Throw out the playbook for Libya’s elections

Sean Kane writes: After over 40 years of Muammar al-Qaddafi’s Jamahiriya — a by design stateless society of purported direct rule by the popular masses — Libya’s political transition was always going to be sui generis. Other Arab autocrats may have subverted elections and ignored their constitutions, but in most cases at least the motions of representative democracy existed. This was not the case in Libya, where the law organizing the country’s first elections is scheduled for publication this weekend. As Othman El-Mugirhy, the chair of the committee that drafted the law eloquently put it, “Libya has no institutions, it is a state of ashes.”
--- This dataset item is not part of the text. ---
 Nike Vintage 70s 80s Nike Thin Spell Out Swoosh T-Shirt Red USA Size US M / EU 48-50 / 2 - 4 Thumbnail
One legacy of the almost perpetual administrative flux that Qaddafi’s unique governing model engendered is that individuals rather than political parties will likely contest Libya’s forthcoming elections. This has all sorts of unusual consequences, not least of which is potentially turning on its head the widespread belief in the region that early elections favor the Muslim Brotherhood.
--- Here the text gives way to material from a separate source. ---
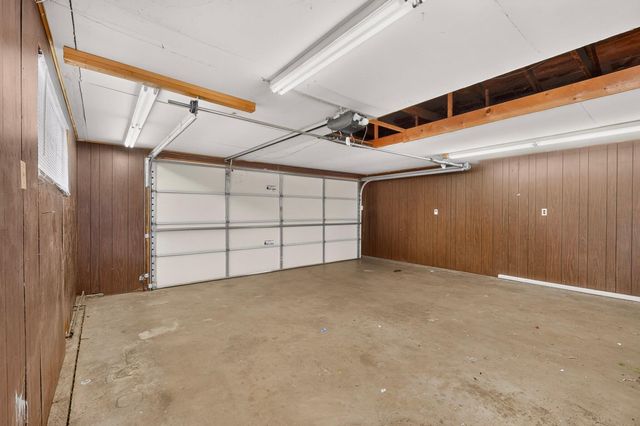 1405 Betts Street NE, Albuquerque, NM 87112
Political parties come in for a particularly hard time in Muammar al-Qaddafi’s Green Book, which lays out his Third Universal Theory (the Brother Leader’s proposed alternative to capitalism and communism). Describing political parties as the abortion of democracy and their members as traitors, the Green Book makes the case that parties split society by ensuring “the rule of the part over the whole” and are the “contemporary model of dictatorship” intended to rob people of their right to govern themselves directly.
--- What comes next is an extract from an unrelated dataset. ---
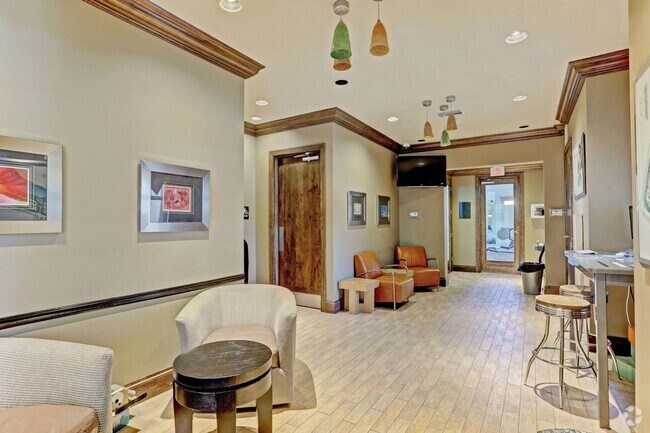 Building Photo - 477 Pacific Grove Dr Rental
The decades of demonization of political parties by Qaddafi have left a lasting impact on the Libyan political scene. Many of the nascent political entities in the new Libya seem to prefer to call themselves “movements” or “alliances” rather than use the word party, which still frequently draws a visceral negative reaction.

Countrywide focus group research conducted in Libya by the National Democratic Institute (NDI) in November 2011 tends to confirm this anecdotal impression. NDI found participants’ reactions to the idea of political parties “range from ignorance to skepticism to outright hostility.” Many were concerned that political parties are potentially divisive and could cause conflict among Libyans at a time when the country needs to be united. One participant repeated word for word a Green Book bromide that the larger the number of parties, the greater the divisions and struggle within society.

It is perhaps unsurprising then that the electoral law prepared by Libya’s National Transitional Council (NTC) is widely expected to propose a system in which voters would choose from individual candidates rather than party lists in selecting representatives for the country’s constitutional assembly. The closest international analogue to this type of electoral system is that used in Afghanistan, where its application has contributed to a parliament of individuals rather than parties.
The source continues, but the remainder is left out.